The sleeves and flower are from a former tube dress, found at the Goodwill Outlet (locally known as "the bins"), where everything is sold by the pound. This piece of trash/treasure probably cost about 50 cents (it was one of several items, so I don't know exactly, but a tube dress is not heavy). Of course I should have taken a photo of the piece before cutting it up, but it was this type of dress:
I used the shirred portion of the bodice to make the lower edge of the sleeves. Although it was a little difficult to line up for cutting, it worked out great. I love a tight-fitting lower sleeve; it keeps me warmer and makes layering cardigans much easier.
Not a fan of this view, but I am committed to honest reporting and an honest self-image. I added some darts to the area of the lower back to reduce the excess fabric there.
Even though the colors are not the greatest on me, I know I will be reaching for this dress a lot this fall and winter: something easy to throw on, with less bulk around the middle.
Friday, November 1, 2013
Here's a small project that nonetheless represents a fair amount of time and trouble. Just cleaning up the mess from any faux fur project takes time.
It is rather retro and romantic, for all that.
Even though it would in theory be easy to draw a collar shape and a tie shape, cut them out and sew them together, I used Butterick 5727, a current accessories pattern. The pattern does offer two small refinements: a center back seam, to make sure the nap is the same on both ends of the collar and a separate, slightly smaller undercollar piece to be cut from a lighter-weight fabric.
Even though I had plenty of doubts about the wisdom of their methodology for constructing the ties (finishing each edge with a double-fold narrow hem), I dutifully put it to the test because I didn't have enough of my preferred fabric to cut four tie pieces from.

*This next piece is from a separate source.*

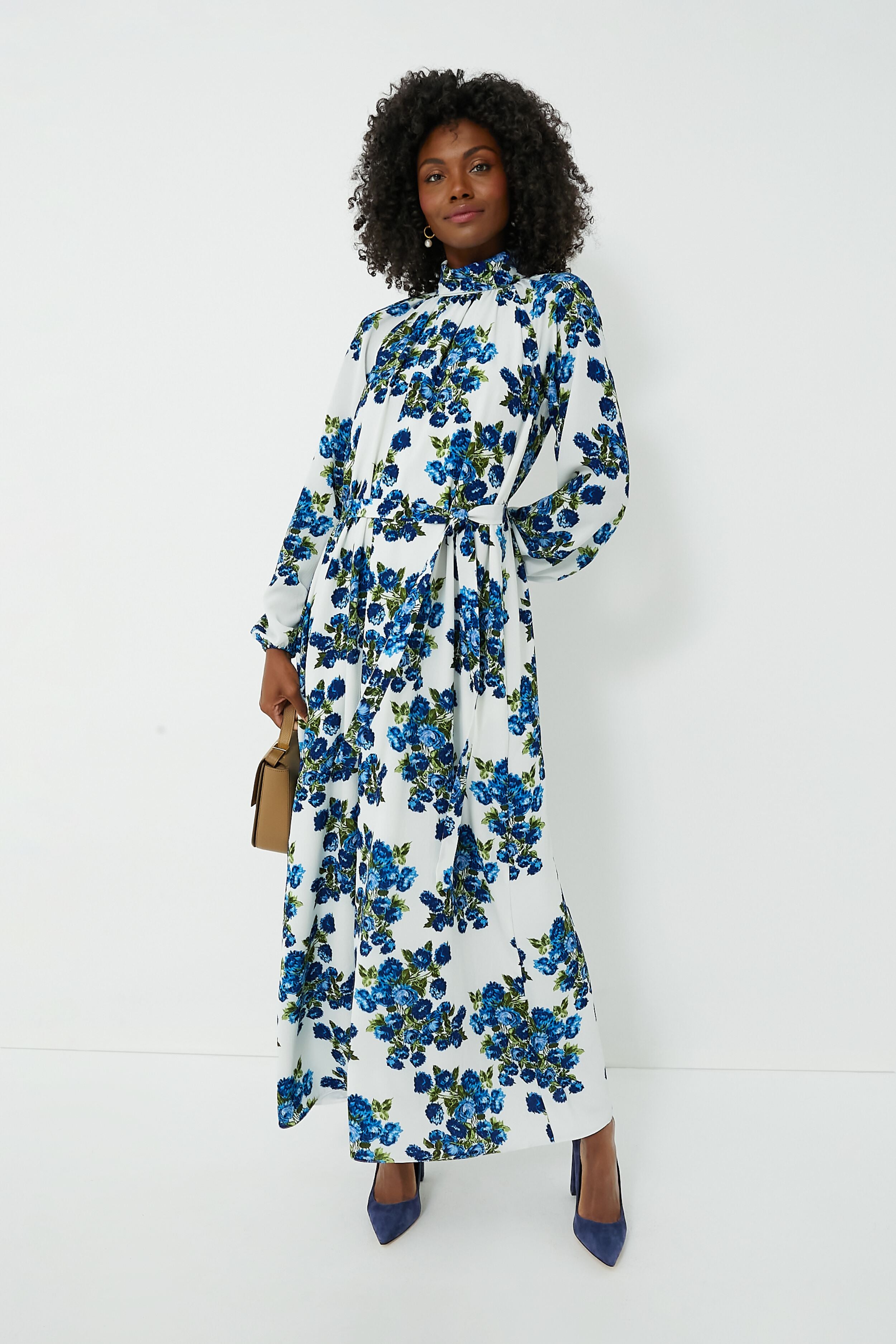 Dark Blue Floral Print Georgette Dress - Absolutely Desi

The narrow hemming was a bust; the edges were not perfectly straight and the wrong side of my crepe fabric had a different appearance from the front.
So I went with Plan B, which would have been Plan A if not for the fabric shortage. Cutting four tie sections (from a salvaged skirt lining from a thrifted Pendleton skirt that my mother cut up and hooked into a rug), I sewed each tie right sides together and turned it right side out. This of course worked fine. If I had even more fabric, I would have cut the ties on the bias for a more drape-y bow.
I'm not so sure about this collar with the very subdued color of the top I am wearing today; my red sweater dress might be a more appropriate foil. The face-framing effect is nice, though--I can envision more collars in more colors to add a touch of whimsy to any number of basic dresses.